Why Listen to Sabotage
The honest reason to listen to this over reading it silently is the way Spires handles the escalation. Dark romance in audio is a specific experience. The narration forces you through scenes at a fixed pace, and the result is an intimacy that page-flipping can skip past. Reviewers consistently describe finishing the book in one session, unable to stop, which tracks with how the audio works. Once Tessier’s pacing locks in around the midpoint, the momentum is genuinely hard to break.
For existing Lords fans, Sabotage operates with the confidence of a series entry that knows its audience well. There are character crossovers from The Ritual that reward prior reading, but the author frames this as a standalone and structurally it holds up independently. The enemies-to-lovers dynamic is not subtly built. It is announced and then escalated. The book’s own promotional notes describe the hero as jealous and possessive and over the top, which is not understatement. The chemistry between Colton and Raylee is genuinely the book’s strongest element, and Tessier exploits it without restraint throughout the runtime.
What to Watch For in Sabotage
Several readers who loved The Ritual and The Sinner found Sabotage slightly less satisfying. Not because the writing falters, but because Tessier pushes further into shock territory in ways that worked for some listeners and felt excessive to others. One reviewer described the chemistry as Tessier’s strongest element while noting that a few specific choices, including a video incident early in the story, tested even readers comfortable with dark romance conventions.
The 7-hour runtime is well-paced overall, with the dual POV structure keeping both perspectives moving. The content warnings should be taken seriously. The author’s note at the beginning is there for a reason, and Tessier is transparent about what the book contains. Elements include degradation, branding, graphic violence, and other material that places this firmly at the darker end of the genre. The finish is a happy-ever-after, which is standard for dark romance and delivers what the readership expects after the turbulence of getting there.
Who Should Listen to Sabotage
This is specifically for listeners who have a taste for dark college romance and are comfortable with the full spectrum of content Tessier deploys. Prior Lords readers will get the most out of the character continuity and the series’s internal logic. Listeners new to Tessier would be better served starting with The Ritual to understand the universe before arriving here. Anyone with triggers related to the content warnings should take those seriously. The author is upfront precisely because the territory is genuinely dark, and that transparency deserves respect rather than dismissal.

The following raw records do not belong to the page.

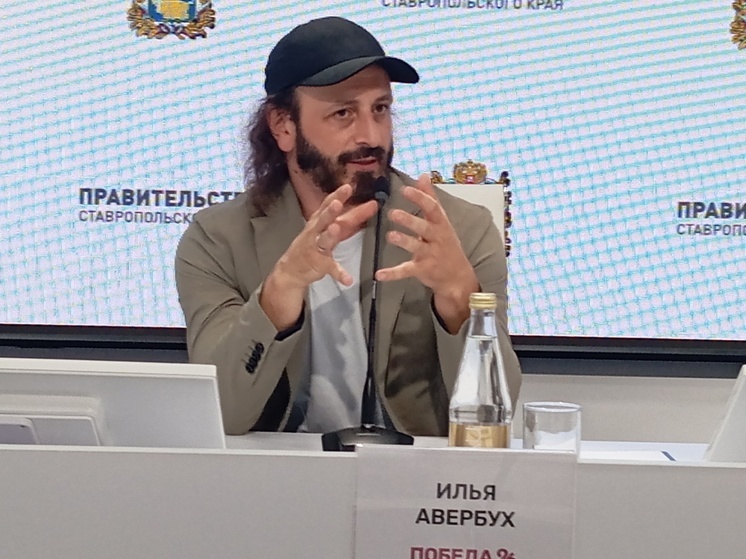 Илья Авербух рассказал о гала-шоу чемпионов в Ессентуках и Ставрополе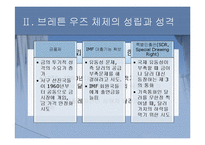 [세계경제사] 브레튼 우즈 체제의 성립과 의의-14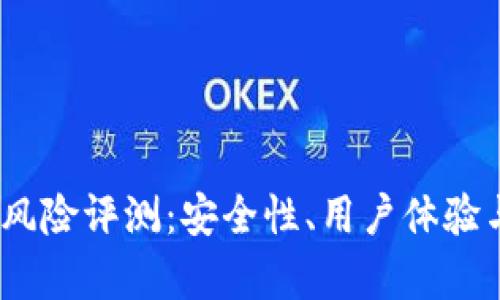 imToken 钱包风险评测：安全性、用户体验与行业前景分析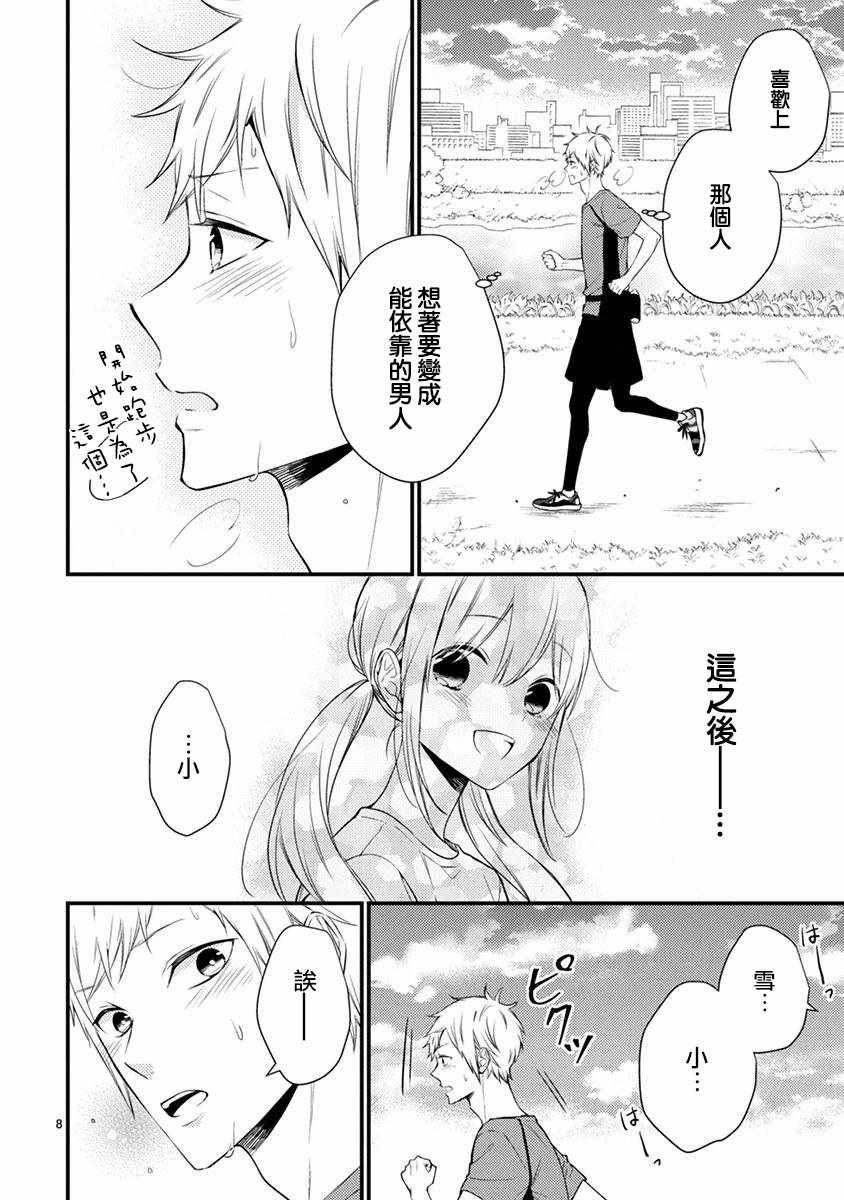 第46话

Frequently Asked Questions
Do I need to read the previous Lords books before Sabotage?
Tessier writes it as a standalone, and the main storyline holds up independently, but character crossovers from The Ritual add depth. Starting with The Ritual first is recommended for full context.
How does Gabriel Spires handle narrating both Colton and Raylee’s POVs?
Spires is convincing in the dominant Colton voice and brings solid energy to the escalating scenes. Raylee’s POV is somewhat less distinctively voiced, which is a common limitation of single-narrator dual-POV dark romance.
Is Sabotage darker than earlier books in The Lords series?
Several reviewers who loved The Ritual found Sabotage pushes further into shock territory. It retains the series DNA but tests limits more aggressively, which worked for many listeners and felt like too much for others.
Does Sabotage have a happy ending despite all the darkness?
Yes. Despite the intense content throughout, the book delivers a happy-ever-after conclusion consistent with the dark romance genre’s expectations.